Une troisième surprise est la diversité des choristes-danseurs suppléants. Ils sont un beau mélange de teint et de forme du corps. Les mouvements innovants du chorégraphe Steven Hoggett les unifient en tant que groupe et leur donnent de l’expressivité en tant qu’individus.

La meilleure surprise est peut-être la performance de Nick Fradiani dans le rôle de Neil-Then. Et voici quelque chose de vraiment génial dans la façon dont le spectacle est construit : nous, le public, ne sommes en aucun cas censés croire que nous voyons Neil Diamond, que ce soit comme un homme plus âgé avec un peu de boiterie ou comme un interprète jeune, puis plus mature, ET ENCORE. Fradiani est absolument convaincant dans sa voix, à l’aise avec une guitare et habite à 100 pour cent le personnage, ses défauts et tout.
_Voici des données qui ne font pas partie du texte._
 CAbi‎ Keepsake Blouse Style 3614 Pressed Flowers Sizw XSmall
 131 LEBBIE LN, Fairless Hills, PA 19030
En mai, il a interprété ce rôle pour la millième fois (ne soyez pas encore trop impressionné : Yul Brenner a eu plus de 4 600 représentations dans Le Roi et moi), et il savoure clairement chaque instant sur scène.
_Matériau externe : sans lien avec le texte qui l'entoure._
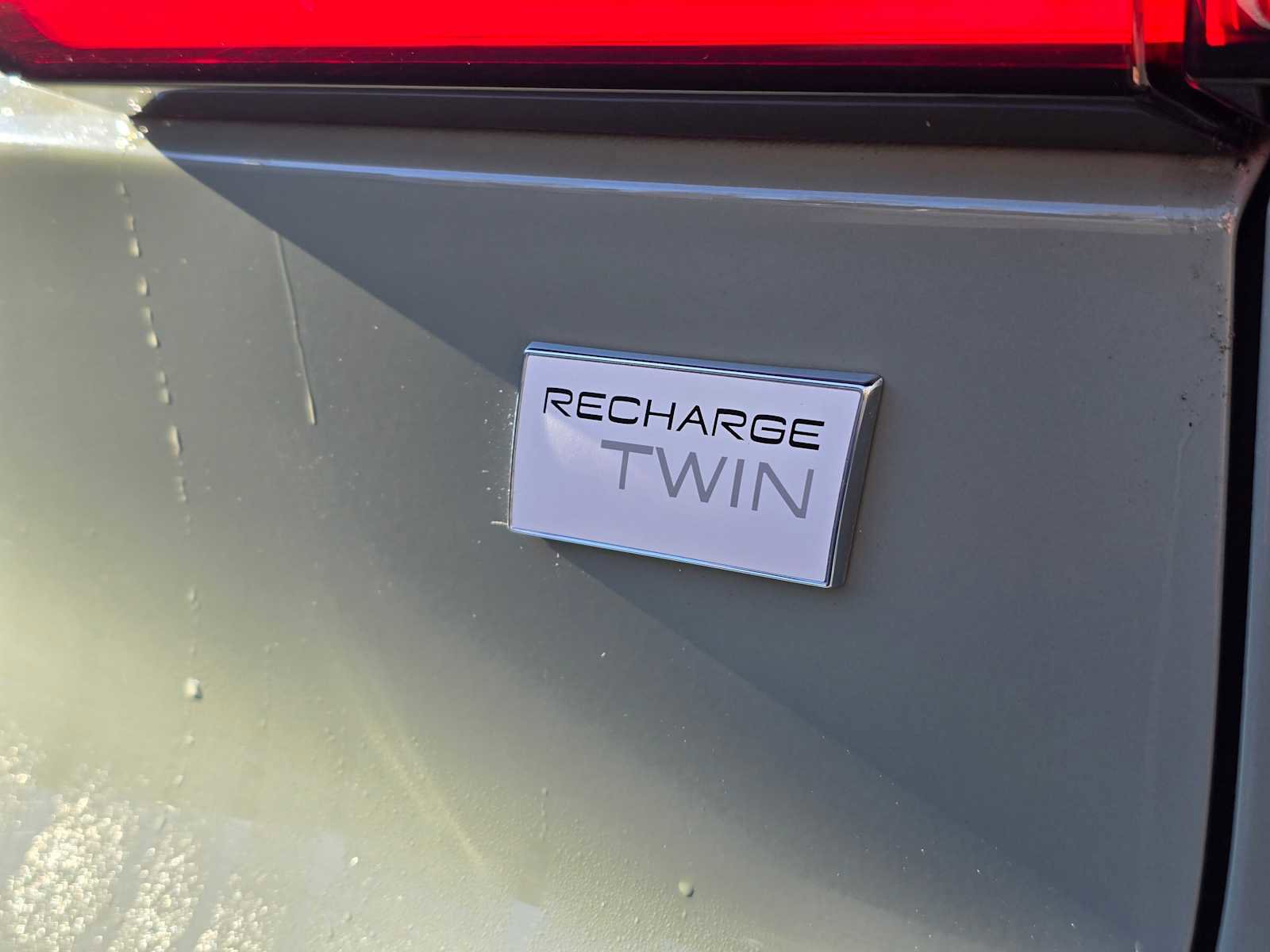 Used 2023 Volvo C40 P8 Recharge Ultimate w/ Protection Package Premier image 15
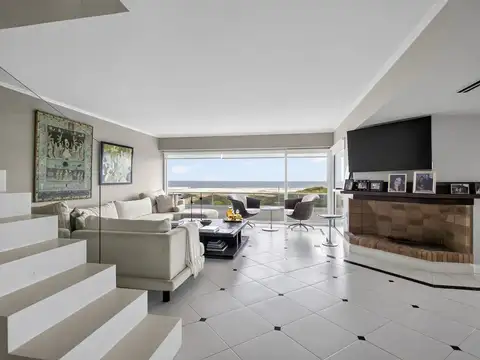 Penthouse duplex en venta con vista al mar de 5 suites con terraza y parrilla, sobre la Brava + Departamento extra, 4 Piso 4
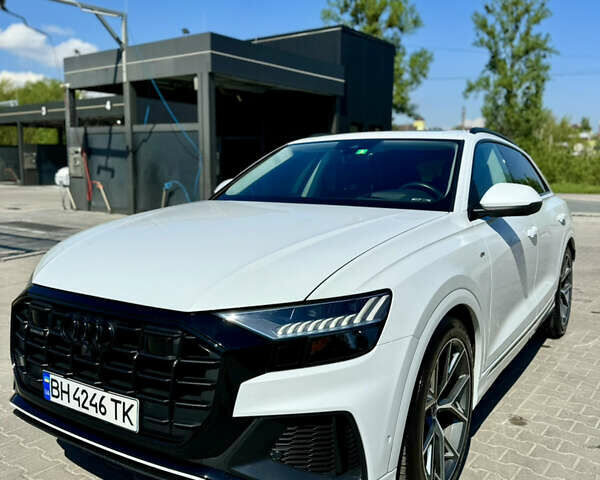 Білий Ауді Q8, об'ємом двигуна 3 л та пробігом 81 тис. км за 71900 $, фото 1 на Automoto.ua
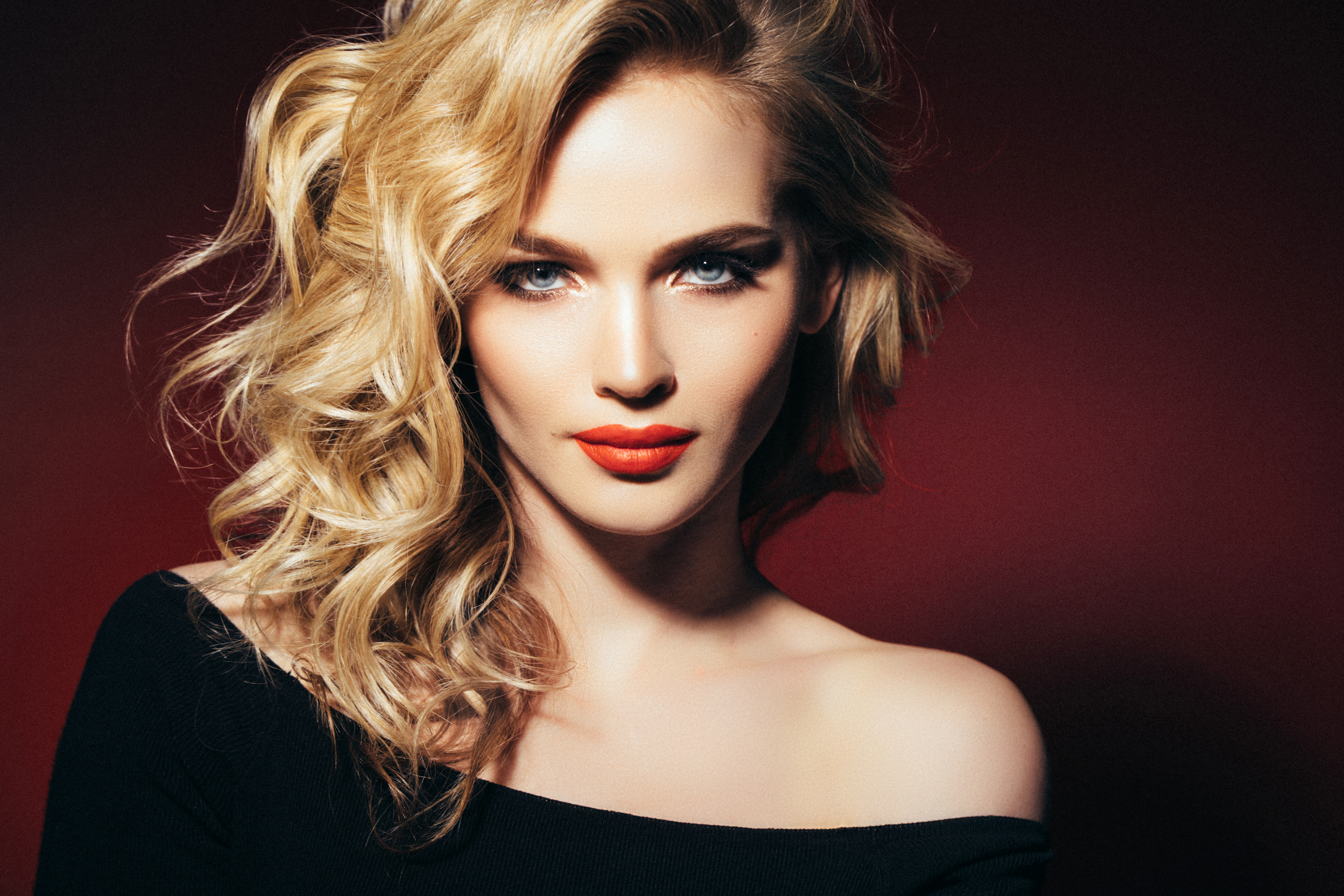 Photo shot of young beautiful woman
L’exposition s’ouvre de manière intime, me donnant le temps d’admirer le travail du concepteur d’éclairage Kevin Adams, dont les rayons de lumière diagonaux austères sont révélés par une brume tourbillonnante. L’ingéniosité du scénographe David Rockwell permet des entrées surprises et suggère des cordes de guitare. Je passe beaucoup de temps fasciné par la géométrie, puis un avant-scène à deux niveaux met en valeur un groupe qui mérite d’être présenté, ce qui se fait visuellement, à la toute fin.
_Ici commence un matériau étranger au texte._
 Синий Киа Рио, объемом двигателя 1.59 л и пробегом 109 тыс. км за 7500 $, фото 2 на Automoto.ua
EN HAUT : Hannah Jewel Kohn dans le rôle de Marcia Murphey, Nick Fradiani dans le rôle de Neil-Then et The Noise ; CI-DESSUS : Nick Fradiani dans le rôle de Neil-Then (au centre), Robert Westenberg dans le rôle de Neil-Now (à gauche), Lisa Reneé Pitts dans le rôle du docteur et The Noise dans « A Beautiful Noise : The Neil Diamond Musical ». Photos de Jérémie Daniel.

La qualité sonore est impeccable (la conception sonore est de Jessica Paz) ; La conception des costumes d’Emilio Sosa est amusante, funky, fonctionnelle, mais aussi glamour et scintillante. Accessoires supplémentaires pour Luc Verschueren, coiffure, perruque et maquillage, dont le travail m’a presque convaincu qu’il y avait un troisième acteur jouant Neil.

Le meilleur compliment adressé aux créateurs et interprètes de A Beautiful Noise est peut-être celui de ma compagne, qui, dès sa jeunesse, aimait Neil Diamond par-dessus tous les artistes. « Vous savez, je suis triste de ne jamais avoir pu le voir en concert. Mais j’ai l’impression que cela compense cela. » Si vous avez un être cher qui adore Diamond, faites-lui plaisir pour toujours en l’emmenant voir ce spectacle. A Beautiful Noise : The Neil Diamond Musical est un exemple formidable et bien écrit du genre musical du juke-box, interprété avec brio par une distribution incroyablement talentueuse. C’est un festin visuel, un chant époustouflant et une excellente sortie à tous points de vue.

Durée : Deux heures et 15 minutes avec un entracte.

A Beautiful Noise : The Neil Diamond Musical sera joué jusqu’au 28 juin 2026 (mercredi et jeudi à 19h30, vendredi à 20h, samedi à 14h et 20h, dimanche à 13h et 18h30), au Théâtre Hippodrome, The France-Merrick Performing Arts Center, 12 North Eutaw Street Baltimore, MD. Les prix des billets varient de 25 $ à plus de 300 $. Achetez-les en ligne. Garez-vous dans le garage Fayette, dans un autre garage à proximité ou dans la rue.

Voir le programme/playbill en faisant défiler un peu la page.

Fait final : Denise Koch, radiodiffuseur local bien-aimé, a rejoint le casting sur scène pour un moment de chant. La société de production invite évidemment des Somebodies locaux sur scène dans chaque ville qu’elle visite.

Fait supplémentaire/alternatif : Neil Diamond a initialement commencé à porter des chemises pailletées afin que les personnes assises loin de la scène dans ses grandes salles puissent mieux le voir.

A Beautiful Noise: The Neil Diamond Musical sera joué au National Theatre de DC du 2 au 7 mars 2027.